In June 2015, VVTA was designated as a Consolidated Transportation Services Agency (CTSA) for the High & North Desert regions of San Bernardino County. This represented an expanding role and commitment to the Authority's already established Mobility Management department and increased the VVTA service area from 425 to 950 square miles.

Origins of the VVTA 
VVTA operates local fixed-route, county commuter (discontinued in 2005), and ADA complementary paratransit bus
services in the Victor Valley area. It has a maintenance facility located in Hesperia. The service
structure consists of 23 local fixed and deviated routes, 3 County routes and ADA complementary paratransit service.
VVTA was established through a Joint Powers Authority in 1991. The JPA includes the four
cities of Adelanto, Apple Valley, Hesperia and Victorville and certain unincorporated
portions of the County of San Bernardino including Oro Grande, Helendale, Lucerne Valley, Phelan, Piñon Hills, Wrightwood. Service is also provided to  Barstow and Fort Irwin. The Fort Irwin service is branded as the NTC Commuter. The Board of Directors includes council members from the above cities and the San Bernardino 1st
District Supervisor. Since 1998, the Board has held a management contract with McDonald Transit Associates, Inc.
for administration of the system. In January 2005, the operations contract for all
transit service in the Victor Valley area was consolidated under a separate contract with ATC
(later Veoila, now Transdev). In 2018, National Express Transit became the system operator.

Barstow Area Transit 

Barstow Area Transit formerly ran the transportation service in Barstow and surrounding areas of San Bernardino County, including the communities of Hinkley, Lenwood, Grandview, Yermo, Harvard, Daggett and Newberry Springs. It was merged into VVTA in 2015.

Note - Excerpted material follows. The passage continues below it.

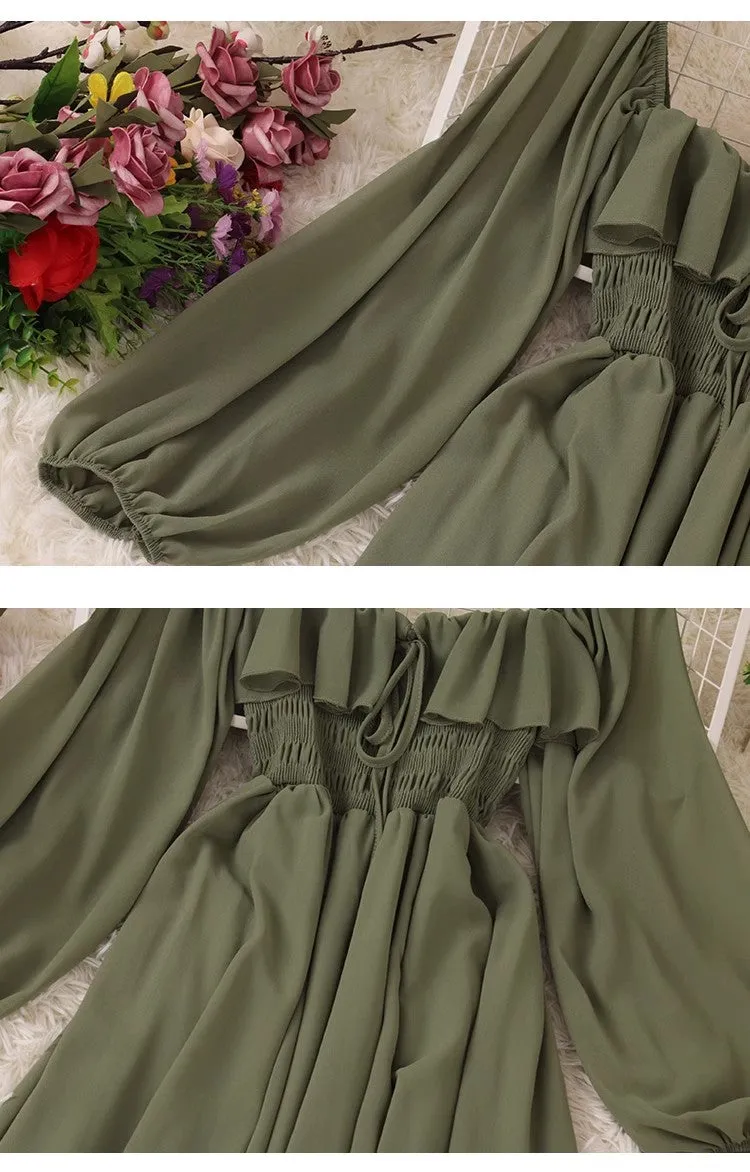 Chic Square Neck Puff Sleeve Chiffon Skirt      S5037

MV Transportation, Inc. was contracted by the city to operate Barstow Area Transit. Barstow Area Transit operated Monday through Friday from 6:00 a.m. to 11:30 p.m. and on the weekends from 9:00 a.m. to 11:30 p.m; the system carried more than 144,000 passengers each year.

The system featured three routes: Central Barstow, which was called Route 1 while running as a clockwise loop and Route 2 while running counterclockwise; West Barstow/Grandview/Lenwood, which was called Route 3 while running clockwise and Route 4 while running counterclockwise; and Hwy 58 which traveled crosstown as Route 5.

Routes 
VVTA routes include Fixed, County, Intercity, and Commuter. County routes and some Fixed Routes can deviate as far as 3/4 mile to pick up passengers. County routes serve outlying rural areas. In August 2021, all routes at Lorene and 7th were moved to the Victor Valley Transportation Center (VVTC). On Sunday, October 2, 2022 VVTA returned to full-service.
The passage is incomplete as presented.